EPPURE QUELLO della montagna, dell’alpinismo e dell’outdoor in generale è un mondo di passioni forti. Ci sono racconti, personaggi e luoghi sepolti che entrano in risonanza con il mondo verticale di oggi, così cangiante, caotico, senza un centro preciso. Ci sono vecchi metodi giornalistici che sembrano rivoluzionari per un’editoria di settore costretta all’anno zero. L’intervista, il reportage, la recensione, l’editoriale.

PRENDERE POSIZIONE in questo ambiente è più scomodo che bivaccare a tremila metri. Decine di migliaia di appassionati sono considerati una nicchia che deve leggere (e amare) sempre le solite cose. Anno dopo anno, salvo eccezioni, certo, si potrebbero ristampare gli stessi articoli sugli stessi posti e pochi se ne accorgerebbero. Meglio la solita minestra ben cucinata che azzardare ingredienti sconosciuti al pubblico. Perché cambiare menù se quello vecchio sembra funzionare?

UN ANNO IN EDICOLA CON VOI è un’occasione di festa ma anche una sfida. Il tempo per mettere a fuoco quello che abbiamo fatto male e quello invece che pensiamo ci sia riuscito.

Per ogni editore, giornalista o narratore, incontrare il pubblico è una festa. Per dialogare con quello che sapete e restituirvene di più. Per portarvi là dove non avreste mai pensato di andare.

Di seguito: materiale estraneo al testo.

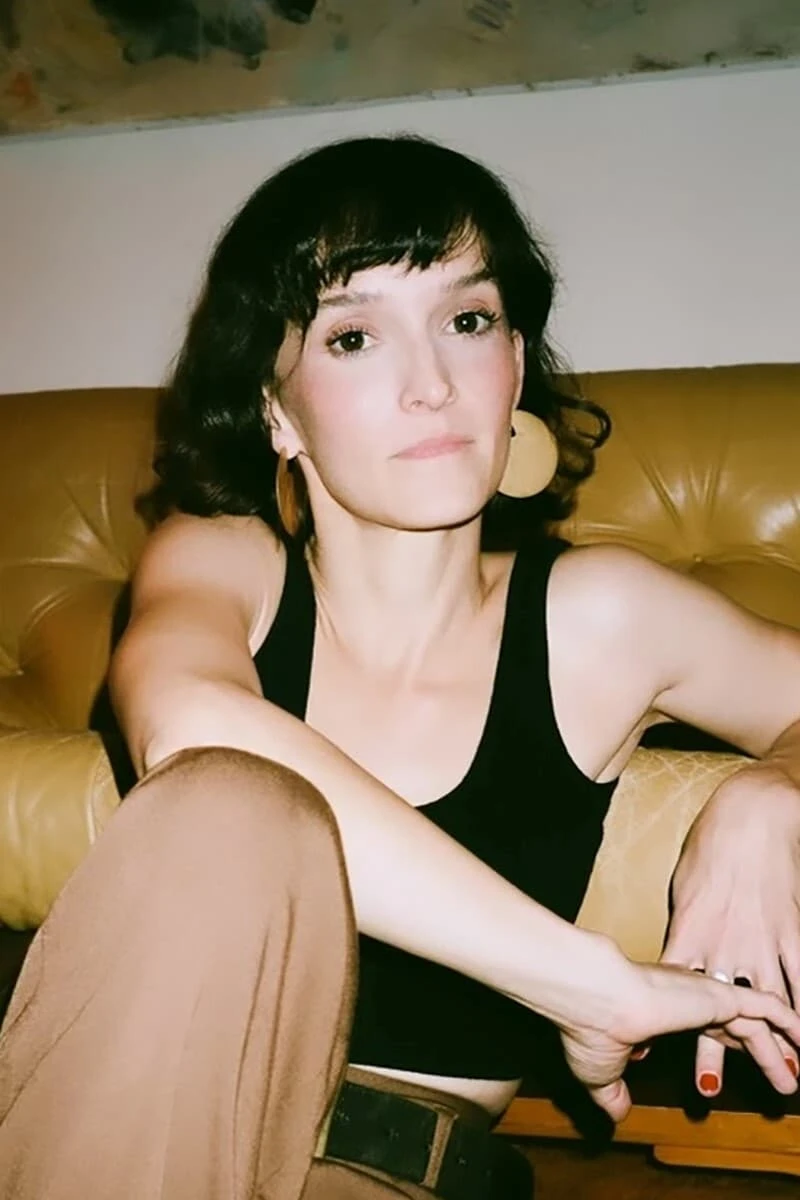 Foto von Mimi Cave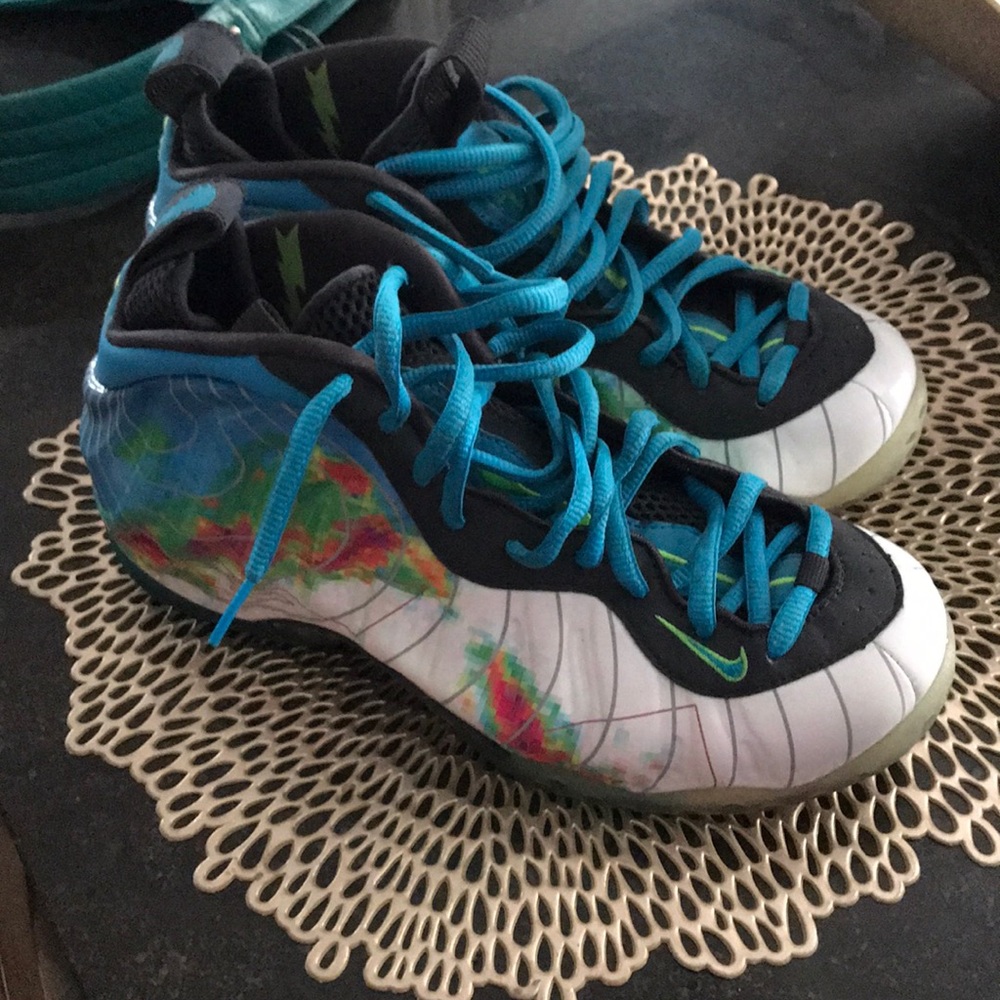 Foams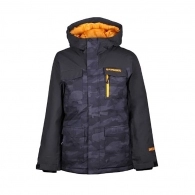 Scurta Fundango GIBSON Jacket 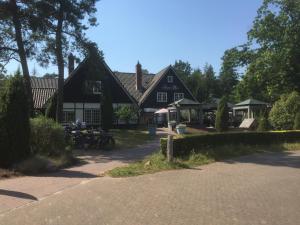 Galeriebild der Unterkunft Op Nijverdal in Nijverdal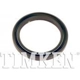 Purchase Top-Quality Front Crankshaft Seal by TIMKEN - SL260089 pa3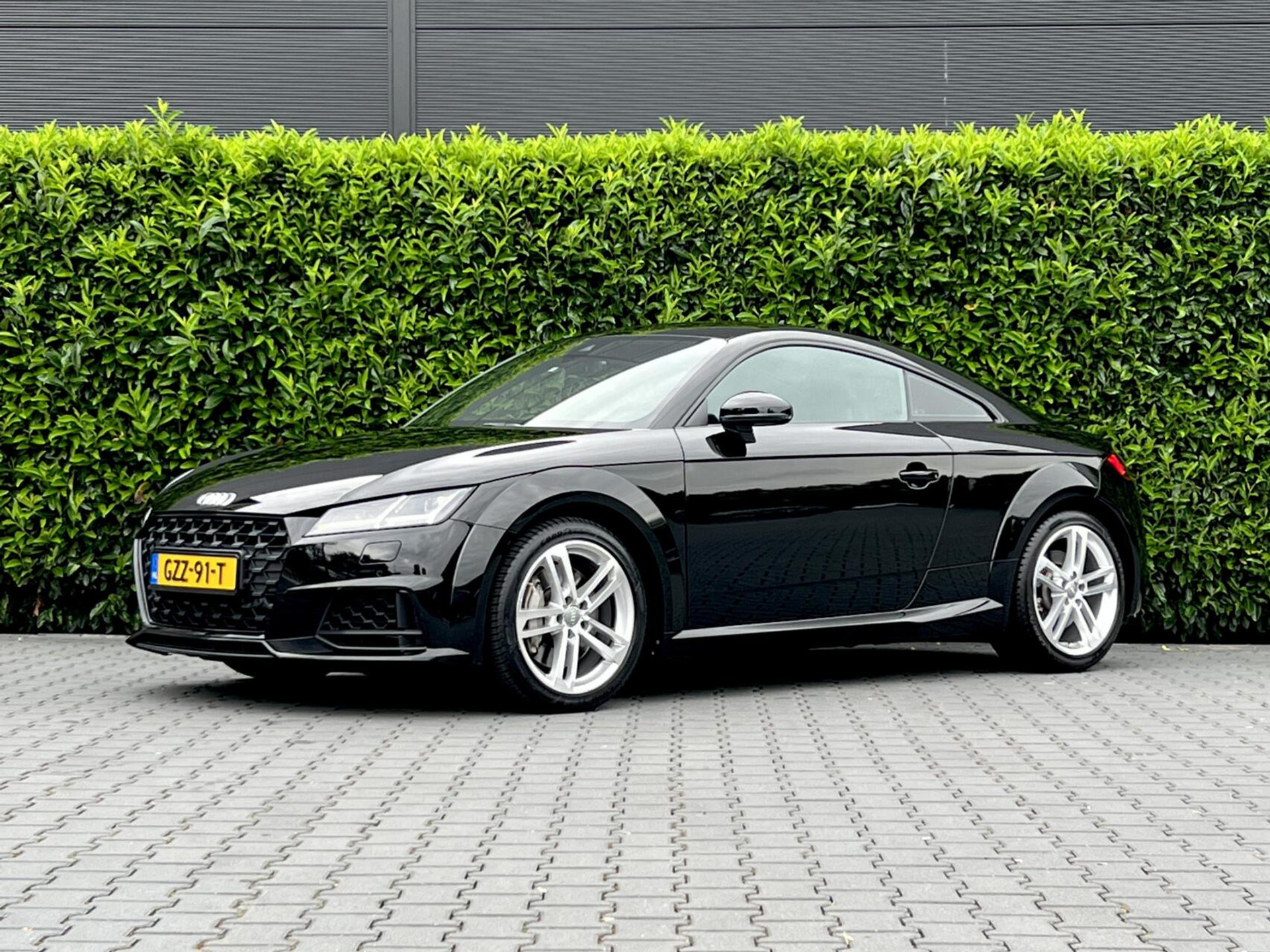 Audi TT 45 TFSI Pro Line S Competition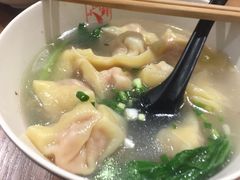 -谭师爷龙抄手(白下路店)
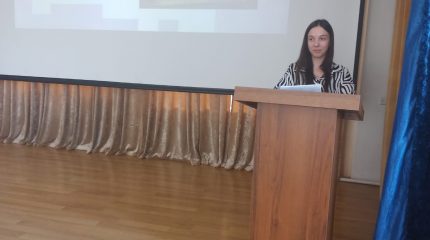 Защита курсовых работ по «Гражданскому праву»
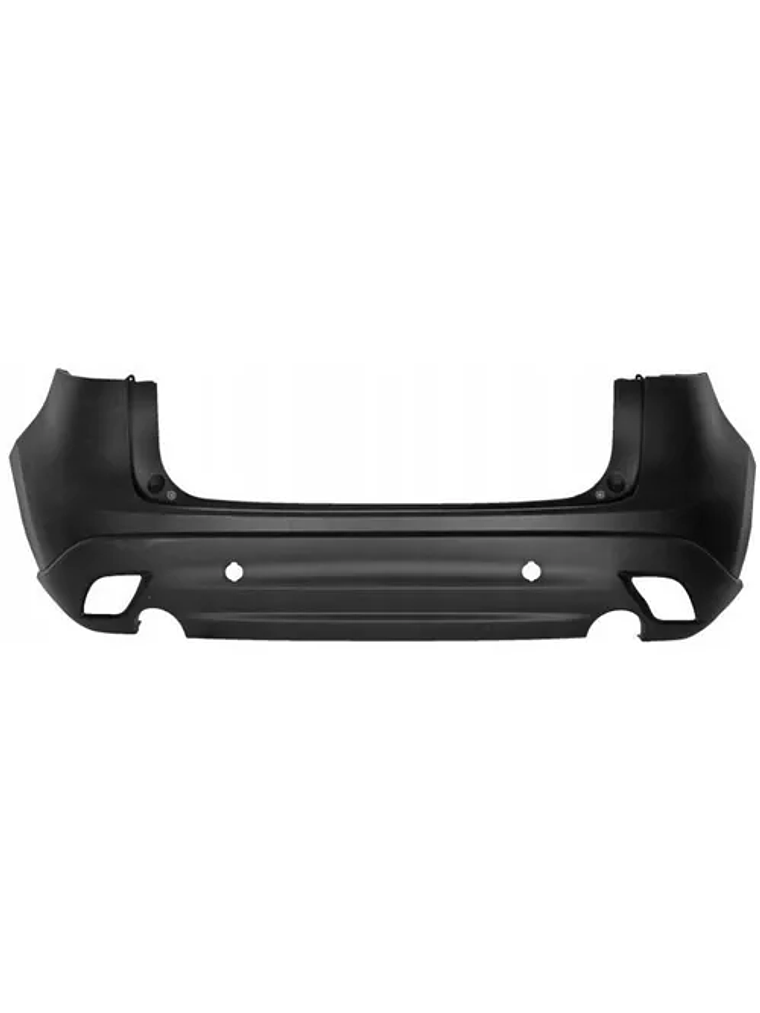 PARACHOQUES TRASERO MAZDA CX5 2013/2017 1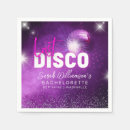 Search for neon hens party supplies Disco ball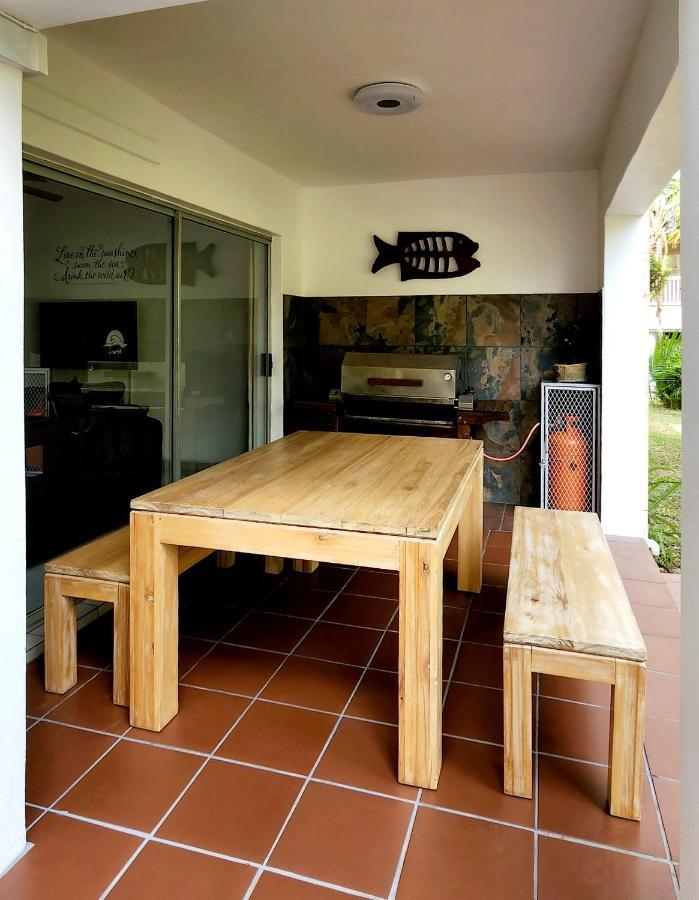 The Bridge, Apartment 25 St. Lucia Exterior foto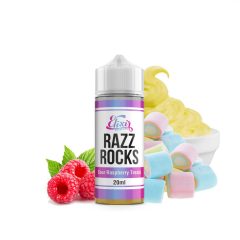 [Kifutott] Infamous Elixir RY4 Cookie 20ml longfill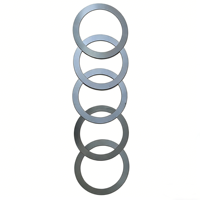 Laveuse de pièces pour chargeuse-pelleteuse JCB 3CX 4CX, références 921/01900, 921/01900A, 921/10900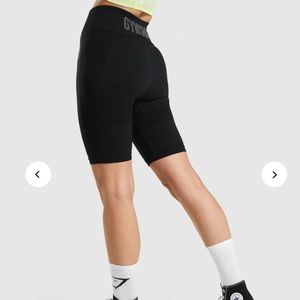 Gymshark Flex Shorts.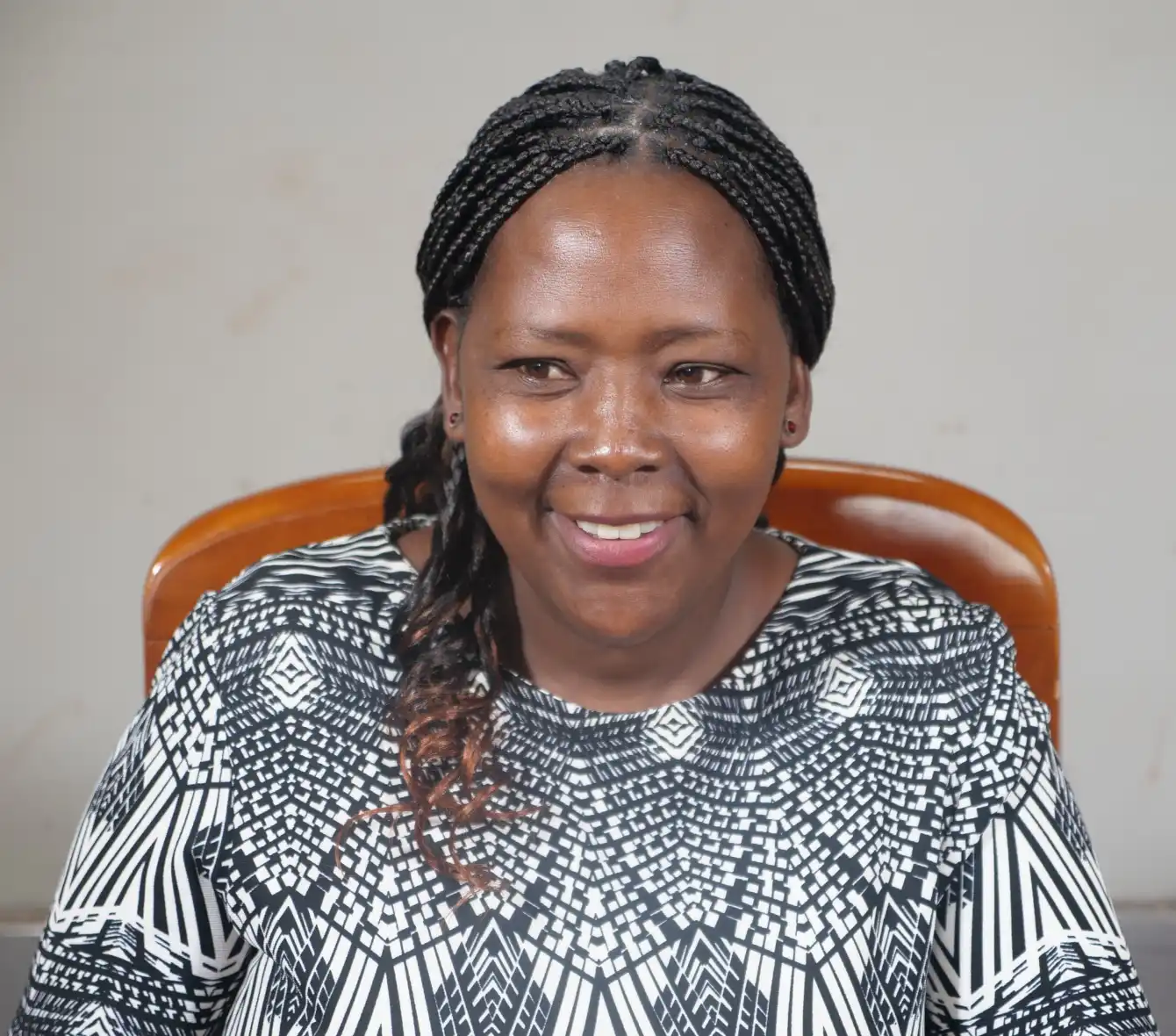 Catherine Mureriwa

Un giornale tra mani giovani e vecchie. Di chi scala e chi no. Di chi va in bici, corre, cammina, passeggia nei boschi. Chi scia con le pelli e chi con lo skipass. Chi ciaspola e chi preferisce gustare il silenzio della natura. Chi è in forma e chi vorrebbe esserlo. Chi ha già fatto di tutto e chi deve ancora incominciare. Chi pensa di non riuscirci mai, soprattutto. Perché la paura di non farcela è il cuore di tenebra di ogni attività nella natura.

NON È PER CASO che in movimento nasca dentro al manifesto, una testata e un collettivo capace di cambiare e adattarsi rimanendo se stesso. Vivo e vitale per aver scommesso sempre, giorno dopo giorno, sui lettori. Un pubblico minoritario, forse, ma attivo. Curioso. Anticonformista. Irrequieto. Critico. In movimento, appunto. Nel nome di questa rivista c’è il punto di arrivo e il punto di partenza del nostro progetto. Connettere mondi diversi come accade nei viaggi ben riusciti. Condividere storie che contano.

NON TUTTO È ANDATO bene quest’anno, bisogna dire la verità ai lettori. Voi non siete certo stati alla finestra, ci avete incoraggiato fin dall’inizio.

I dati però parlano chiaro: non abbiamo raccolto pubblicità pari alle vendite e al valore editoriale della rivista, basta scorrere le pagine per accorgersene.

È il mercato, il problema su cui riflettere. È questa, oggi, la montagna che dobbiamo scalare se vogliamo mettere in campo le migliori iniziative per l’anno prossimo.

DUNQUE, BUON ANNO. Siamo felici di averlo passato con voi. E soprattutto buona lettura.